James Merry's Embroidery Wonderland
Meet James Merry, self-taught embroidery artist and creative assistant to Bjork.
Residing in a small cabin studio just outside Reykjavik Merry dreams up wondrous works of stitch, imagining a place of transformation where anatomy and botany meet.
In addition to Merry’s latest embroidery headpiece for Bjork, Tactile Trends looks at ‘The Embroidered Gaze’ for the V&A Museum and ‘Sporticulture’ for Opening Ceremony.
Bjork steps out in the ‘Ghost Orchid’ headpiece at her recent concert in Montreal, looking like a fantastical creature from a Techno Wonderland. The 3D sculptural embroidery features plastic, wire and glass and also glows under UV light adding extra depth and dimension.
This latest artwork from the ongoing collaboration between Merry and Bjork sees their creative partnership continue to push boundaries giving us tactile artworks that appeal to our senses on so many levels.
The Embroidered Gaze
Commissioned by the V&A Museum this hand-embroidered piece used eye-tracking technology to record the precise position of Merry’s pupils as he looked at a series of sculptures from the Museum collection. After analyzing the many hours of raw data Merry was left with a ‘personal gaze journey’ which he re-imagined into a tactile embroidery piece using gold, silk and neon threads, beadwork and French knots.

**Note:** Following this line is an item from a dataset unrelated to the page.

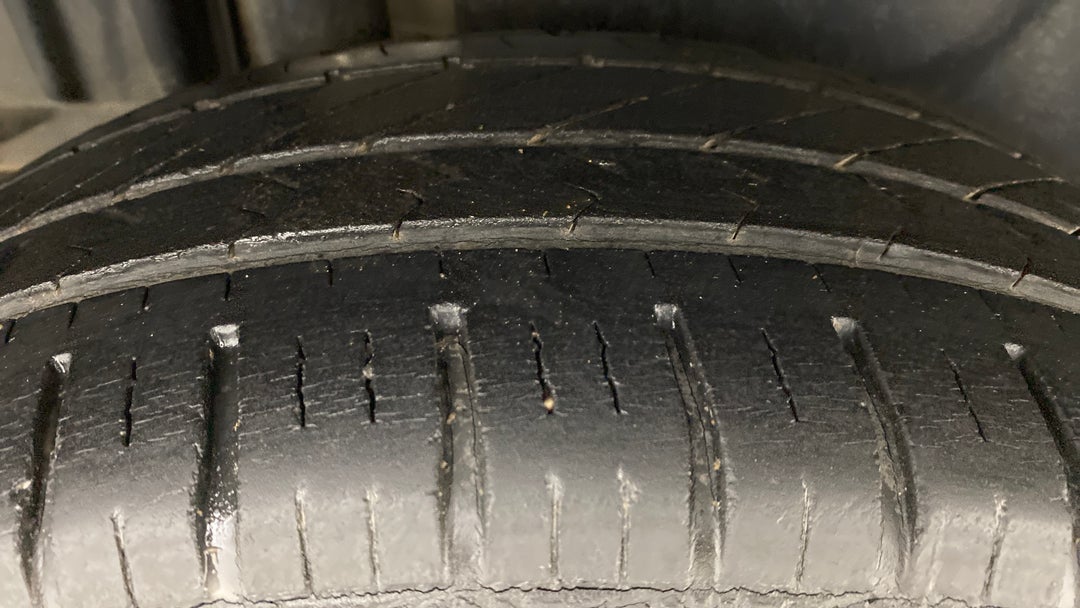 Right Rear Tyre Tread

The flora and fauna of Iceland grows organically into Merry’s work for Opening Ceremony. We see glacier flowers, moss, vegetables and local endangered plants rooting themselves into sportswear logos suggesting a kind of fertilization. It’s a whimsical transformation of a machine made aesthetic and strongly represents the growing trend movement for individual style and slow fashion.
The way Merry elegantly bridges the gap between traditional needle craft and technology could easily play into emerging trends for data informed design and equally the theatre he injects into his works is hugely inspiring for trend building around themes of transformation.